Andrew writes later:

Maybe the primary obstacle is that there may not be a constituency for tough, iconoclastic reporting. I suspect that most of our subscribers, and subscribers to Jewish weeklies, do not want a newspaper that makes them feel uncomfortable about aspects of Jewish life. They feel we have a role to play as advocates, as comforters, as entertainers, and bulletin boards, but not as gadflies or the "afflicters of the comfortable." When we were publishing good investigative stuff at the Washington Jewish Week in the early 1990s, I felt there was a small elite of readers who appreciated what we were doing (the kinds of readers who gravitate to Protocols and the woefully under-subscribed Forward), a similarly-sized clique that felt we were bad for the Jews, but a remaining majority that didn't care much for that kind of reporting and flipped quickly to the recipes, synagogue announcements and wedding notices.

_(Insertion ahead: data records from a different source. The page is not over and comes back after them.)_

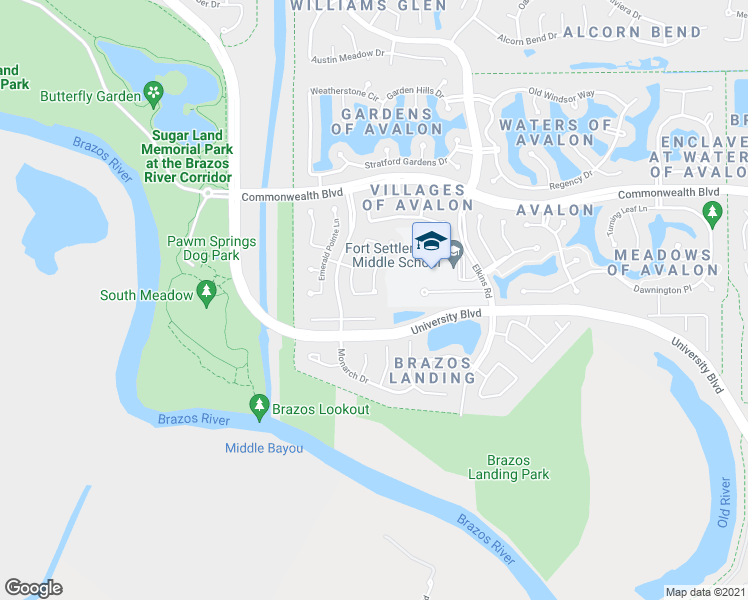 map of restaurants, bars, coffee shops, grocery stores, and more near 5531 Cranston Court in Sugar Land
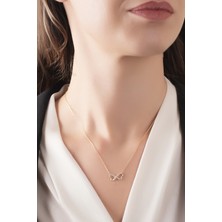 925 Ayar Gümüş,gold Kaplamalı Zirkon Taşlı Kalpli Sonsuzluk Minimal Kolye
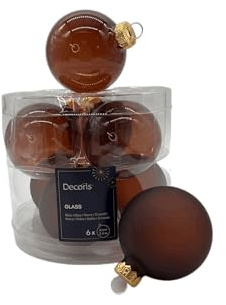 Christbaumkugeln Espresso braun Ø 6 cm aus Glas - 6er Set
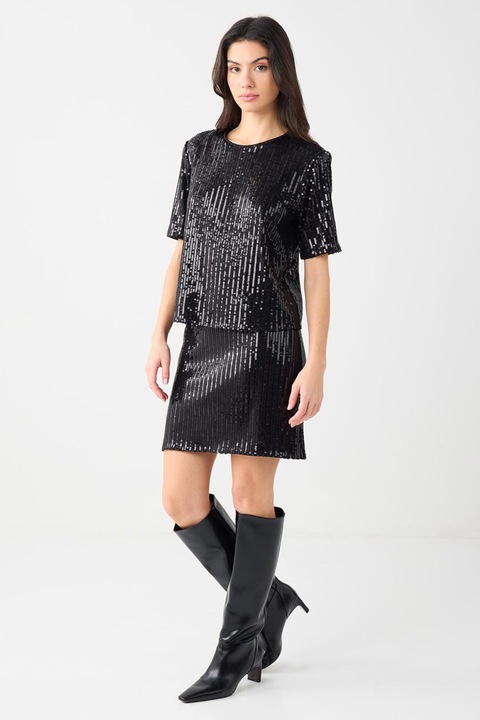 JIMMY KEY, Fusta scurta cu paiete, Negru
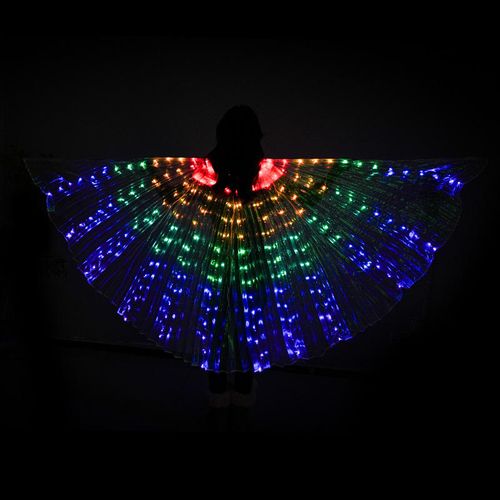 LED Luminous Butterfly Wing Belly Dancing Performance Costumes Stage Festival Party Lighting Cloak Luminous Butterfly Wing
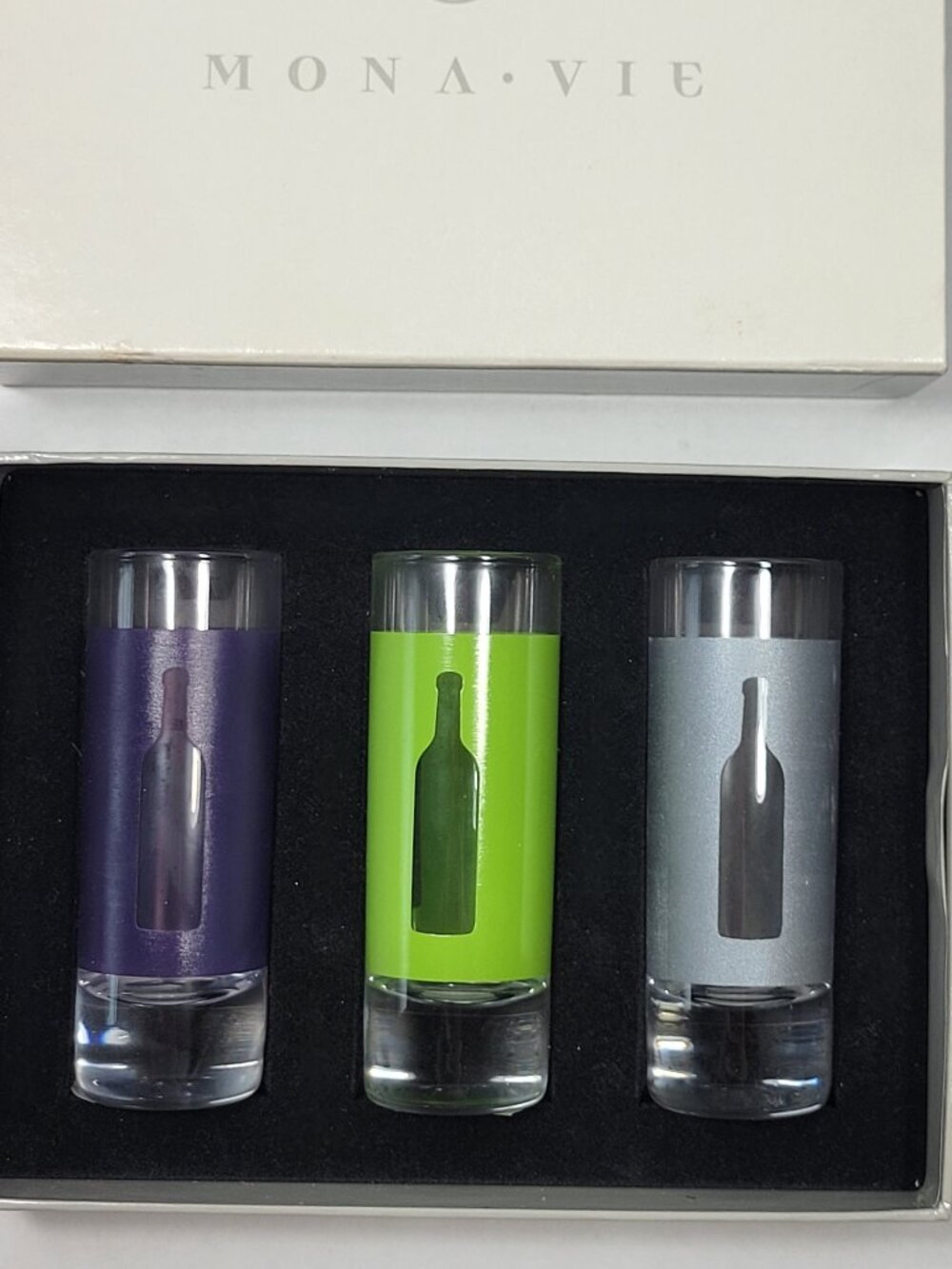 Mona Vie Set of 3 Frosted Color-Sleeve (Purple, Green, Silver) Tall Shot glasses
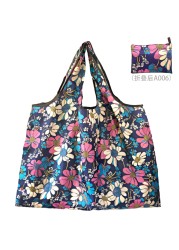 Reusable grocery bag shopping handbag animal flower beach cute gift bag vegetable fruit washable lightweight sturdy nylon hand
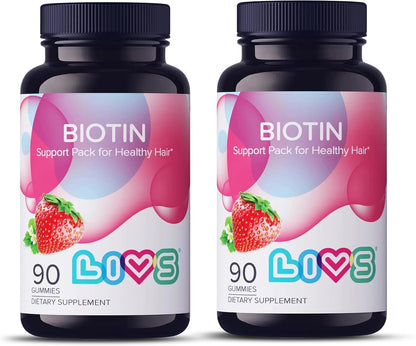 LIVS Beauty Plus Gummy Vitamins - Biotin Gummies for Hair, Skin and Nails | Natural, Gluten-Free, Non-GMO Beauty Supplement with Vitamin A, C, E, B12, D2, Zinc & More - Cream Soda Flavour - 60 Count
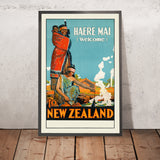 Affiche de voyage de la Nouvelle-Zélande : Haere Mai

I don't blame them, necessarily. It's a divide within religious life as well -- there are many folks, and I'd guess they are the majority, who take part in religious life as if they were slipping into a warm bath, looking for comfort, solace, and reaffirmation of their basic beliefs and prejudices. Only an elite takes part to be intellectually challenged and spiritually discomfitted. (I think this is true in all the movements, by the way.) That's not to say that the complacent crowd is neither intellectual nor up for a challenge -- only that they seek those challenges outside of affiliated Jewish life.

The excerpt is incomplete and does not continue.